China has passed a broad data protection law that will impose strict controls on the private sector’s handling of personal data, adding to the country’s already extensive crackdown on the country’s tech sector, which has roiled global stock markets.
According to the text released by the National People’s Congress, the personal information protection law, which was passed by the Chinese Communist Party’s ceremonial legislature on Aug. 20, will require organizations and individuals to have a clear and reasonable purpose to “collect, use, process, transfer, trade, provide, or publicize other people’s personal information.” It also requires businesses to obtain individuals’ consent before collecting personal information.
The law, which goes into effect on November 1, also establishes stringent requirements for exporting data from Chinese users outside of the country. Personal information handlers must store collected data locally and obtain permission from Chinese authorities before sending any information overseas, according to the report.
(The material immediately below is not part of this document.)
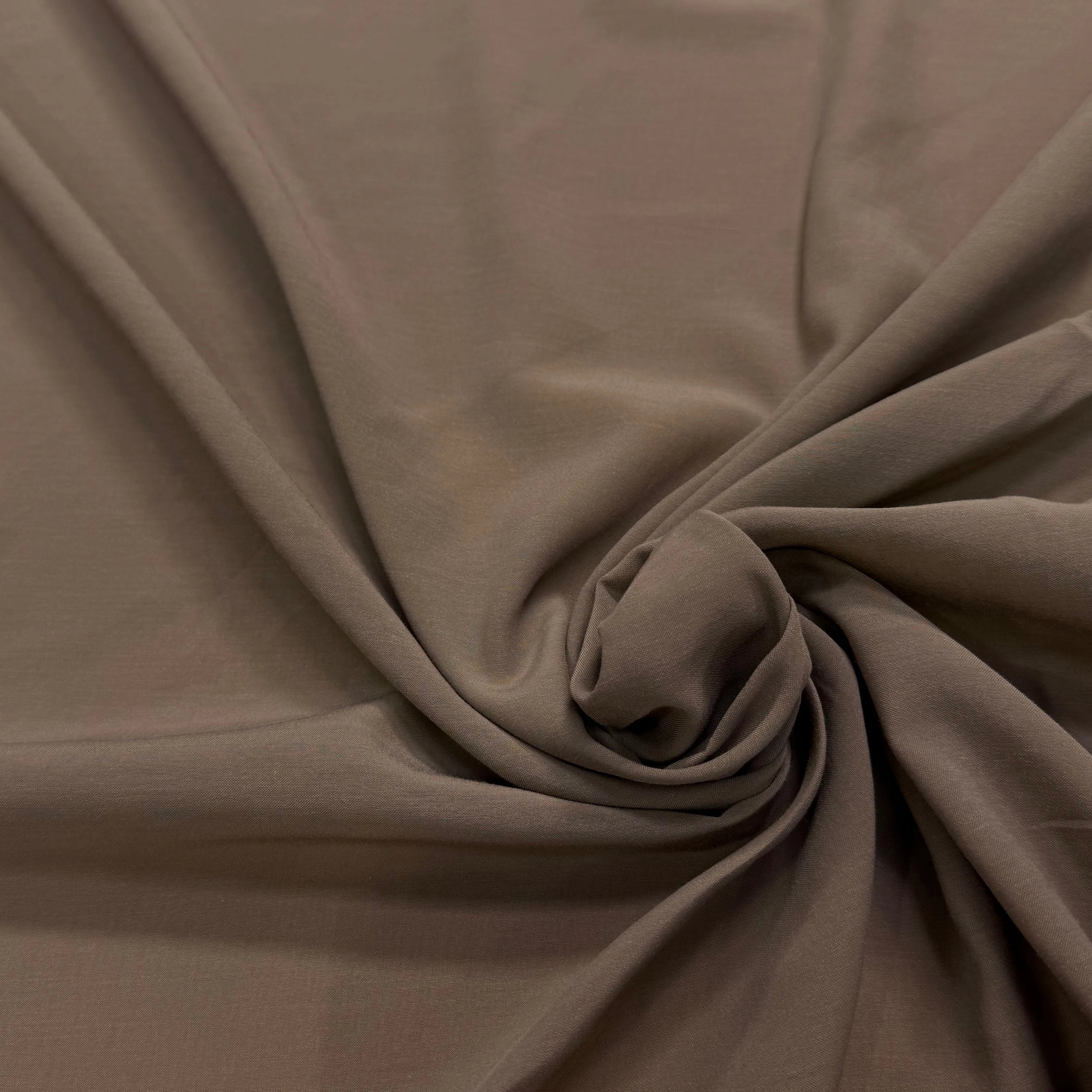 VOILE CREPÉ POLYVISCOSE MARRON - My Little Coupon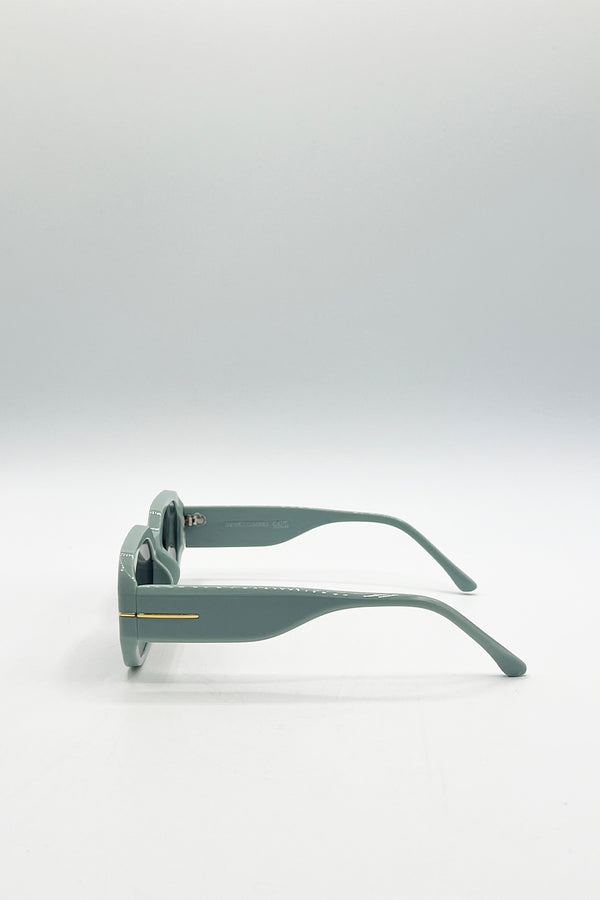 Svnx Oval Sunglasses With Wide Arm In Mint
The law also forbids the disclosure of personal information to foreign judicial and law enforcement authorities. Furthermore, foreign individuals and companies engaged in data mining that may endanger China’s national security or public interests may be denied access to personal data, and their identities will be made public, according to the law.
Its approval came after a months-long regulatory crackdown on a wide range of tech companies, including those in e-commerce, personal finance, social media, gaming, and education. In September, China will also implement a data security law that will require companies that process “critical data” to conduct regular risk assessments and submit reports.
Shares of e-commerce behemoth Alibaba fell 2.6 percent in Hong Kong following news of the new data protection law. Pinduoduo, a Chinese online grocery retailer, fell 1.2 percent in pre-market trading on the Nasdaq in New York.
The law has been compared to the European Union’s General Data Protection Regulation, a comprehensive framework designed to give European citizens more control over their data. The Chinese version, on the other hand, placed no restrictions on the ruling regime’s widespread access to corporate data and surveillance of its citizens.
According to Hua Po, a Beijing-based China affairs analyst, the term “data protection” is merely a pretext for the authorities to tighten their grip on the virtual sphere.
According to Hua, the regime is concerned about the amount of power wielded by tech firms, so it wants to seize control of all data from private companies.
The law also states that it applies to firms processing Chinese user data outside of China, whether for the purpose of providing services or products, assessing Chinese users, or other circumstances specified by law.
It also threatened retaliatory measures against “any countries or regions that impose discriminatory bans, restrictions, or other similar measures on the People’s Republic of China in the area of personal information protection.”
Companies that violate the law face fines of up to $1 million ($153,810). For repeat offenders, the fine would be tenfold, or up to 5% of the previous season’s revenue.
In recent months, Chinese regulators have increased their focus on cyberspace. On Tuesday, China’s State Administration for Market Regulation issued a draft regulation aimed at combating unfair competitive behavior, including the prohibition of practices such as fake customer reviews and other misleading commercial promotions.
On Wednesday, the Ministry of Industry and Information Technology, which oversees China’s telecommunications and software sectors, reprimanded 43 apps for illegally transferring user data.